** RECORD EXCERPTS follows **

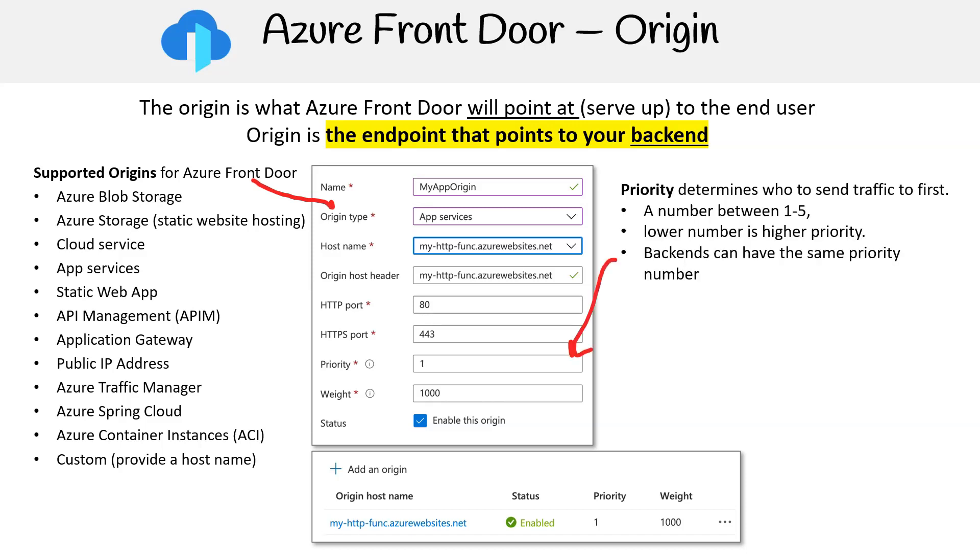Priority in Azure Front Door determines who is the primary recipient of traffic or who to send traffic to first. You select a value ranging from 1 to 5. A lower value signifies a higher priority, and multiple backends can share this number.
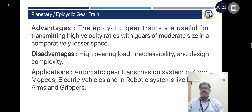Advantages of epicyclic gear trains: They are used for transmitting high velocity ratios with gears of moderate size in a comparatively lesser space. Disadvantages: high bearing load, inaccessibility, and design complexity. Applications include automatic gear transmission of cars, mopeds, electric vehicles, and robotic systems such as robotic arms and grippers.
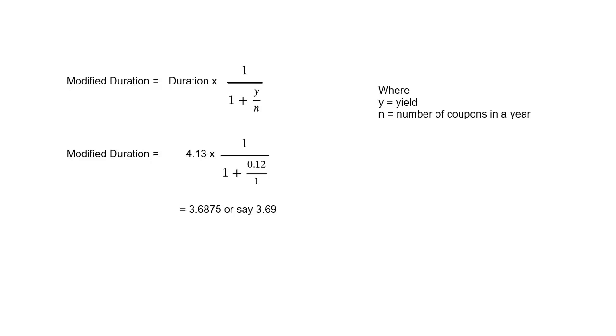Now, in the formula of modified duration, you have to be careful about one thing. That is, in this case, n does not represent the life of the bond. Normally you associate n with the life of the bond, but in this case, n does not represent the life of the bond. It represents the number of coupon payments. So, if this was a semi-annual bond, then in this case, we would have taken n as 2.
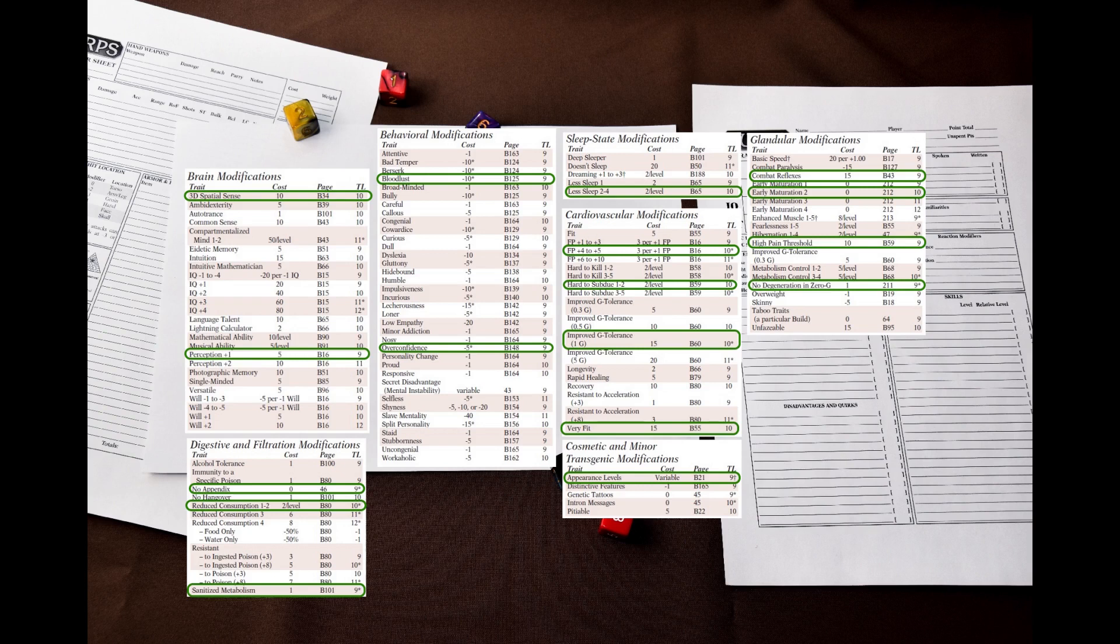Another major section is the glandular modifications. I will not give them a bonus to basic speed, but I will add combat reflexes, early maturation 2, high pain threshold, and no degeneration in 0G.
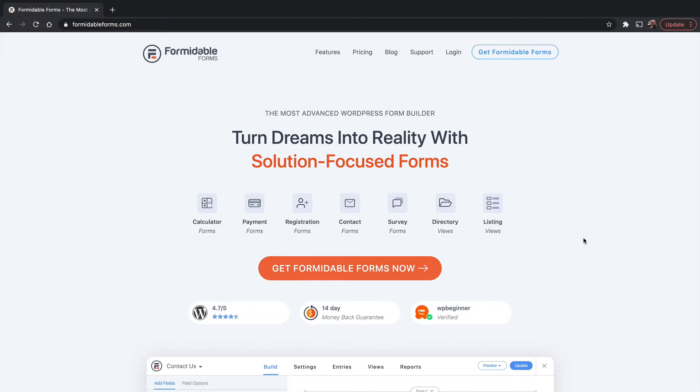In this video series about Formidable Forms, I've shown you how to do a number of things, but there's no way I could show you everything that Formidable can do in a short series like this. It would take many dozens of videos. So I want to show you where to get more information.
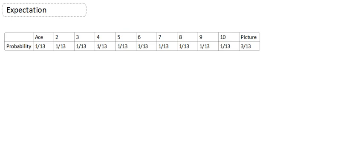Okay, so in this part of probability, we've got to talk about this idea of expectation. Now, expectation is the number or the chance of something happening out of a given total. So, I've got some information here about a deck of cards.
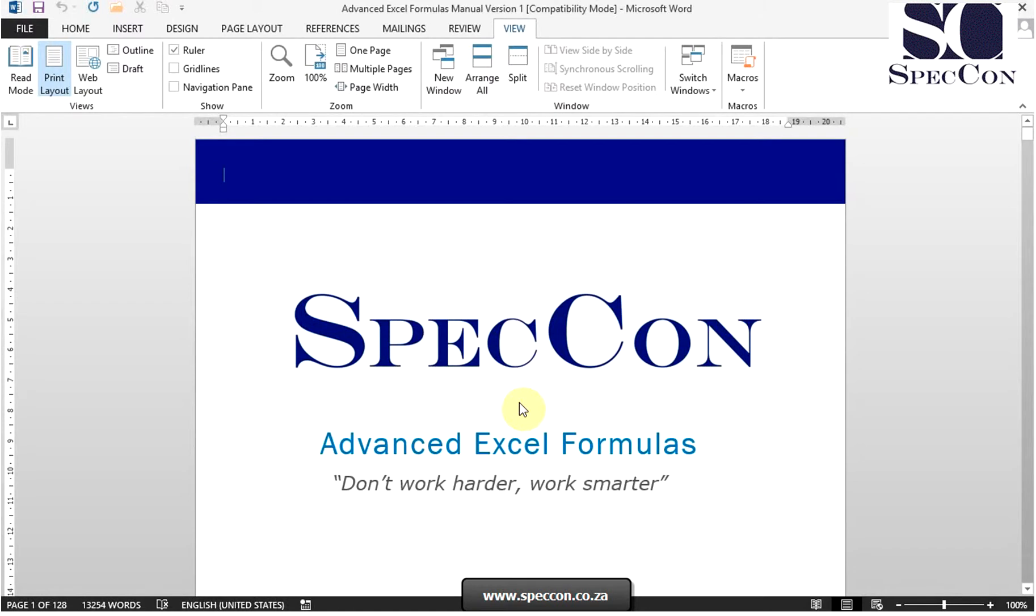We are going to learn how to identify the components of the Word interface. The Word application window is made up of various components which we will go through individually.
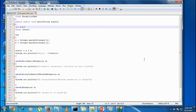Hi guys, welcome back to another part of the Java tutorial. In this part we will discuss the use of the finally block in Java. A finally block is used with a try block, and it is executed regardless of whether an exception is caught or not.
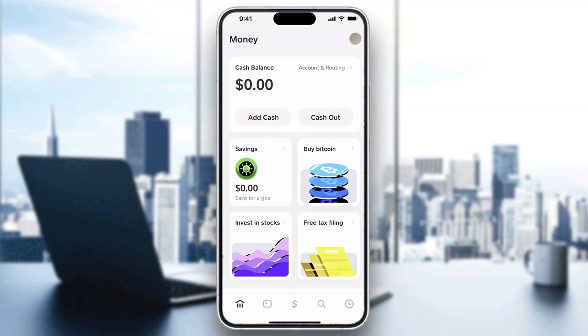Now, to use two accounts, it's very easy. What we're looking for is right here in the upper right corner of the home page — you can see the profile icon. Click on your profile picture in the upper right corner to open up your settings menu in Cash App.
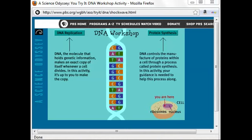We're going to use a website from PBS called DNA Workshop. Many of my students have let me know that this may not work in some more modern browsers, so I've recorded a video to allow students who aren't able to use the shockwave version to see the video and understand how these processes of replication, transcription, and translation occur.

** End of RECORD EXCERPTS **

> [WHAT TO PRODUCE]: Copy every record verbatim while leaving each picture out.

> [YOUR SOLUTION]:
Priority in Azure Front Door determines who is the primary recipient of traffic or who to send traffic to first. You select a value ranging from 1 to 5. A lower value signifies a higher priority, and multiple backends can share this number.
Advantages of epicyclic gear trains: They are used for transmitting high velocity ratios with gears of moderate size in a comparatively lesser space. Disadvantages: high bearing load, inaccessibility, and design complexity. Applications include automatic gear transmission of cars, mopeds, electric vehicles, and robotic systems such as robotic arms and grippers.
Now, in the formula of modified duration, you have to be careful about one thing. That is, in this case, n does not represent the life of the bond. Normally you associate n with the life of the bond, but in this case, n does not represent the life of the bond. It represents the number of coupon payments. So, if this was a semi-annual bond, then in this case, we would have taken n as 2.
Another major section is the glandular modifications. I will not give them a bonus to basic speed, but I will add combat reflexes, early maturation 2, high pain threshold, and no degeneration in 0G.
In this video series about Formidable Forms, I've shown you how to do a number of things, but there's no way I could show you everything that Formidable can do in a short series like this. It would take many dozens of videos. So I want to show you where to get more information.
Okay, so in this part of probability, we've got to talk about this idea of expectation. Now, expectation is the number or the chance of something happening out of a given total. So, I've got some information here about a deck of cards.
We are going to learn how to identify the components of the Word interface. The Word application window is made up of various components which we will go through individually.
Hi guys, welcome back to another part of the Java tutorial. In this part we will discuss the use of the finally block in Java. A finally block is used with a try block, and it is executed regardless of whether an exception is caught or not.
Now, to use two accounts, it's very easy. What we're looking for is right here in the upper right corner of the home page — you can see the profile icon. Click on your profile picture in the upper right corner to open up your settings menu in Cash App.
We're going to use a website from PBS called DNA Workshop. Many of my students have let me know that this may not work in some more modern browsers, so I've recorded a video to allow students who aren't able to use the shockwave version to see the video and understand how these processes of replication, transcription, and translation occur.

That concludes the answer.